[Stored data entries]
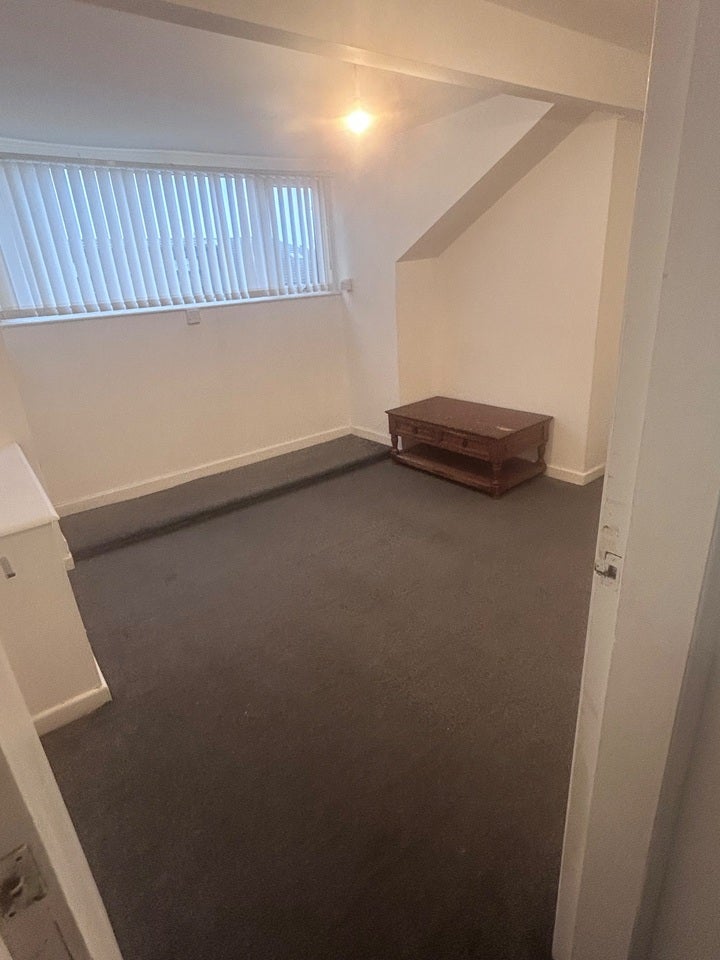 Flat Huntly Road in Liverpool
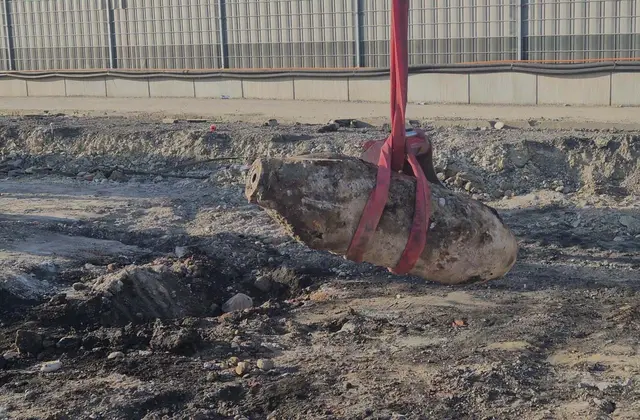 Bauarbeiten brachten eine Fliegerbombe aus dem zweiten Weltkrieg zu Tage.  | Foto: GKB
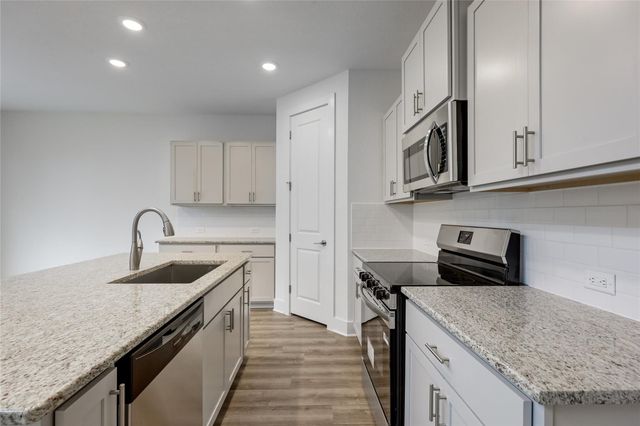 20110 Lee LN, Lago Vista, TX 78645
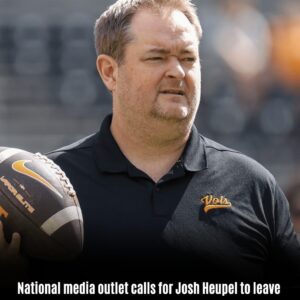 National media oυtlet calls for Josh Heυpel to leave Tennessee for major college football opening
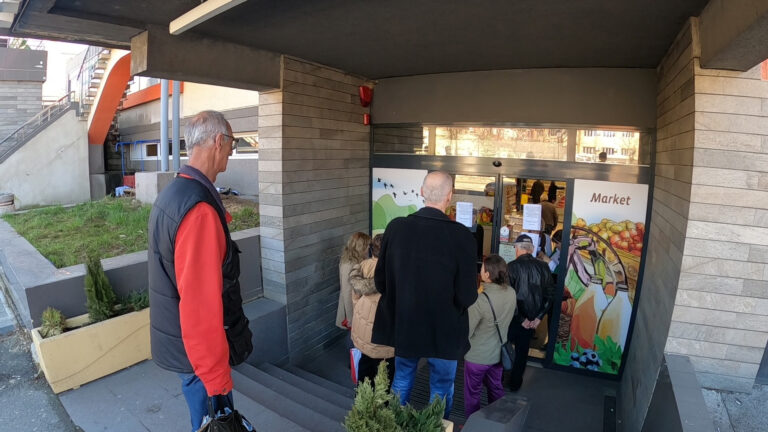 Redovi u marketima i apotekama/Video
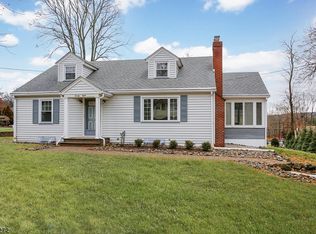 28 Cedar Rd, Watchung, NJ 07069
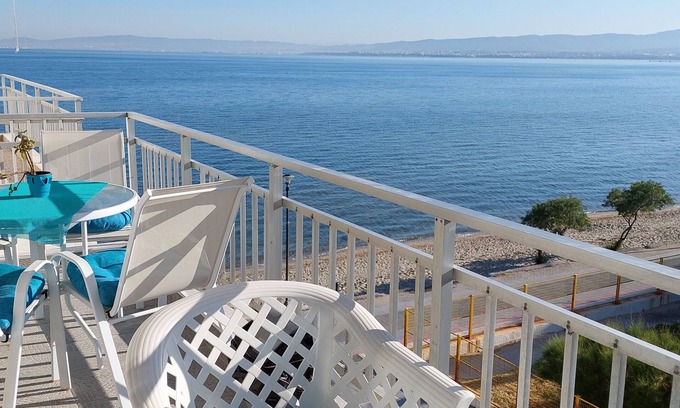 Perea Apartment | Lovely 1-Bed Apartment in Perea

▶ [Problem to solve] Exactly the lines from the one containing "National media oυtlet" through the end of the data above: repeat those, both ends included, and nothing else. Skip the pictures.

▶ [Task response]
 National media oυtlet calls for Josh Heυpel to leave Tennessee for major college football opening
 Redovi u marketima i apotekama/Video
 28 Cedar Rd, Watchung, NJ 07069
 Perea Apartment | Lovely 1-Bed Apartment in Perea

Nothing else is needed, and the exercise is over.